>>>

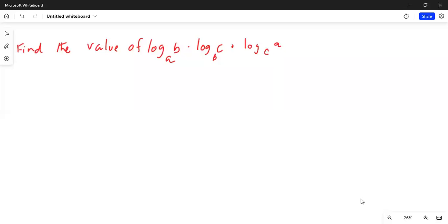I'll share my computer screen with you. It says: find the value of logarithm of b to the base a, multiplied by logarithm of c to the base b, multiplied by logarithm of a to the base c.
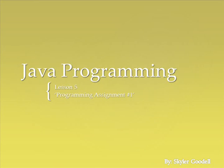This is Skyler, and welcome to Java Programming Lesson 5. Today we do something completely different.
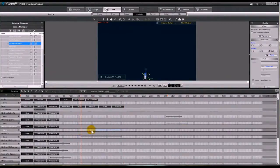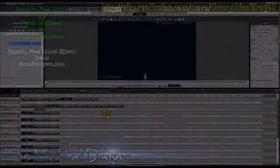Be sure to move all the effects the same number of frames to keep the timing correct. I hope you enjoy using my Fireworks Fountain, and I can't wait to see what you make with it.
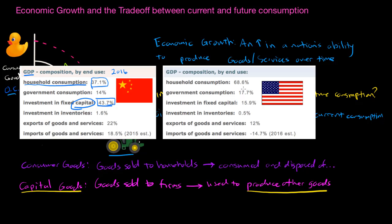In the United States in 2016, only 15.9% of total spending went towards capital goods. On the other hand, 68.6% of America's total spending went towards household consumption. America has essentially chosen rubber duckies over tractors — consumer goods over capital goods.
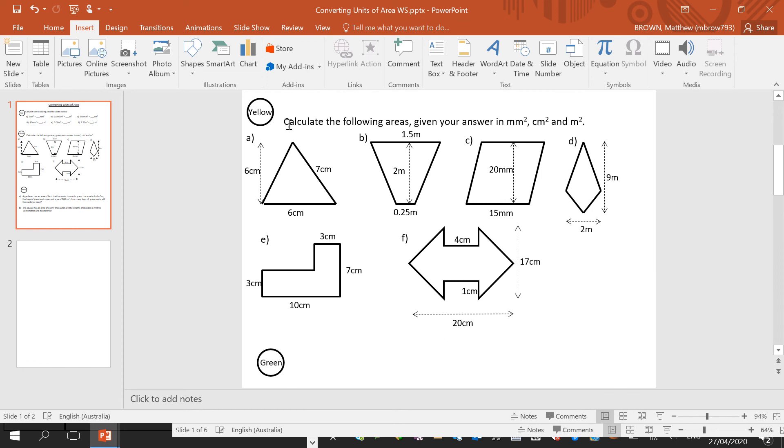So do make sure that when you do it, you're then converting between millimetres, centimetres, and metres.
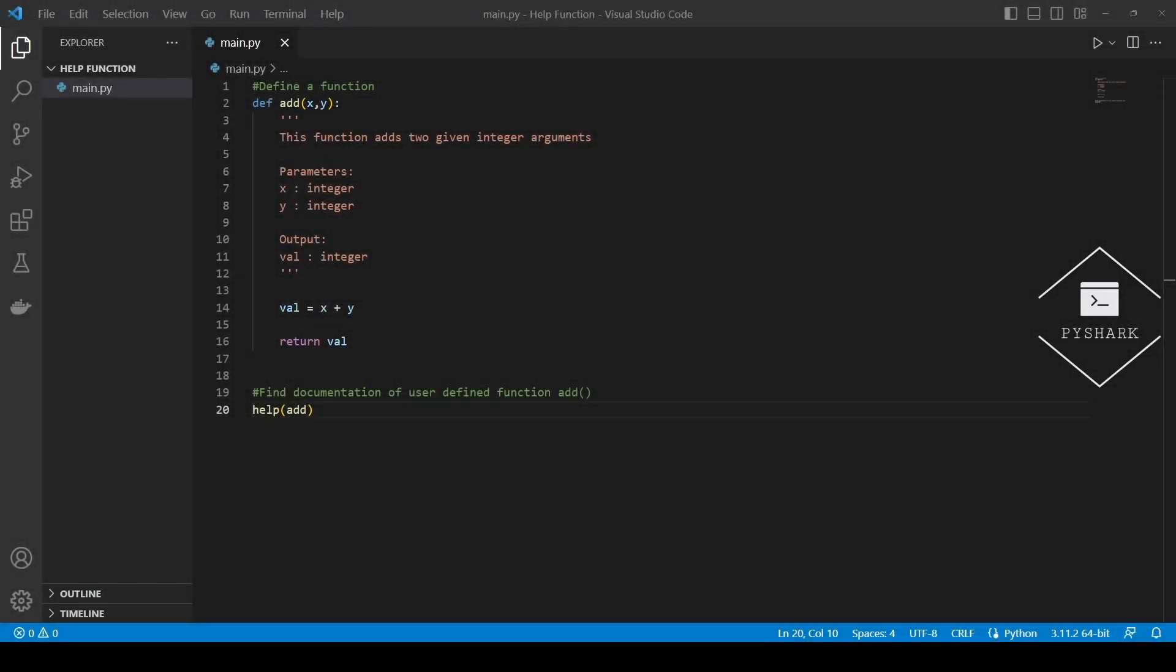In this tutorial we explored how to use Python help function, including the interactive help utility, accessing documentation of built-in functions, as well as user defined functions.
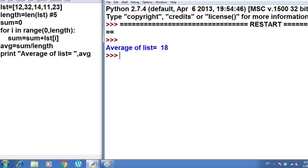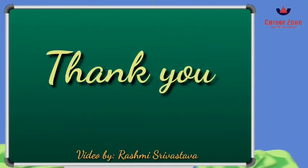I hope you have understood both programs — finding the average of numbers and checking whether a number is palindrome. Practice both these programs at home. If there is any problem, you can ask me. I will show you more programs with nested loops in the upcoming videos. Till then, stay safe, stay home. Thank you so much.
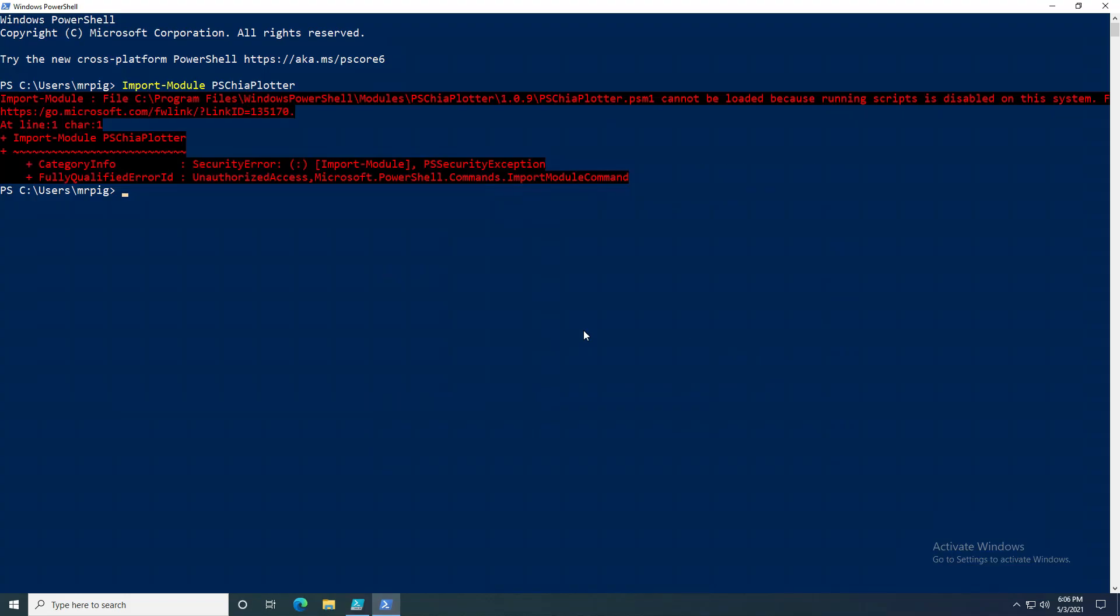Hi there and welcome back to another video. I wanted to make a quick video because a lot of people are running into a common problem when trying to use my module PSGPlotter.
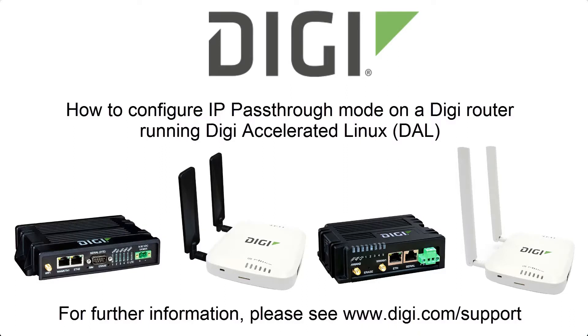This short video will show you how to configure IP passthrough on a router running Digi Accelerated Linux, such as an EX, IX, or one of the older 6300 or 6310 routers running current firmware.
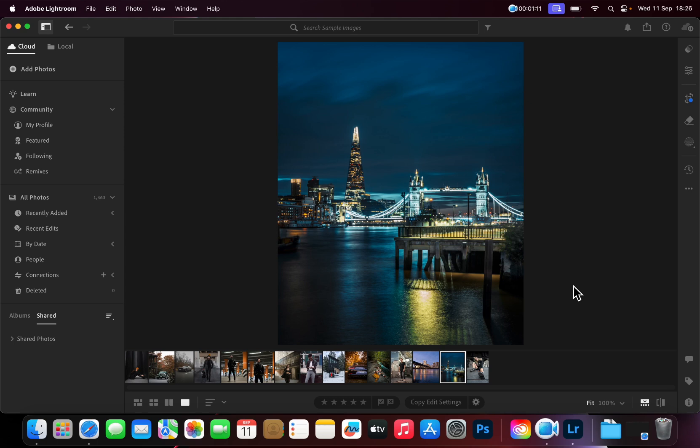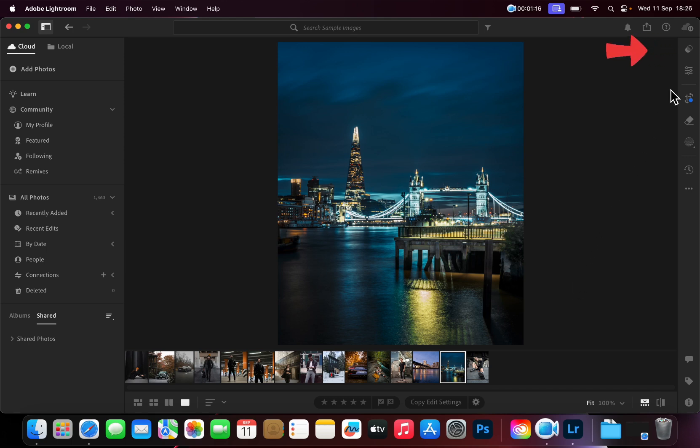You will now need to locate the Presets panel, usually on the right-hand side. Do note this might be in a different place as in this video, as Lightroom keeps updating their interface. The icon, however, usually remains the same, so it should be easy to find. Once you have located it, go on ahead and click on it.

<<<

**What you are asked to do**
The images are to be left out while the entries are written out exactly.

**Exercise answer**
I'll share my computer screen with you. It says: find the value of logarithm of b to the base a, multiplied by logarithm of c to the base b, multiplied by logarithm of a to the base c.
This is Skyler, and welcome to Java Programming Lesson 5. Today we do something completely different.
Be sure to move all the effects the same number of frames to keep the timing correct. I hope you enjoy using my Fireworks Fountain, and I can't wait to see what you make with it.
In the United States in 2016, only 15.9% of total spending went towards capital goods. On the other hand, 68.6% of America's total spending went towards household consumption. America has essentially chosen rubber duckies over tractors — consumer goods over capital goods.
So do make sure that when you do it, you're then converting between millimetres, centimetres, and metres.
In this tutorial we explored how to use Python help function, including the interactive help utility, accessing documentation of built-in functions, as well as user defined functions.
I hope you have understood both programs — finding the average of numbers and checking whether a number is palindrome. Practice both these programs at home. If there is any problem, you can ask me. I will show you more programs with nested loops in the upcoming videos. Till then, stay safe, stay home. Thank you so much.
Hi there and welcome back to another video. I wanted to make a quick video because a lot of people are running into a common problem when trying to use my module PSGPlotter.
This short video will show you how to configure IP passthrough on a router running Digi Accelerated Linux, such as an EX, IX, or one of the older 6300 or 6310 routers running current firmware.
You will now need to locate the Presets panel, usually on the right-hand side. Do note this might be in a different place as in this video, as Lightroom keeps updating their interface. The icon, however, usually remains the same, so it should be easy to find. Once you have located it, go on ahead and click on it.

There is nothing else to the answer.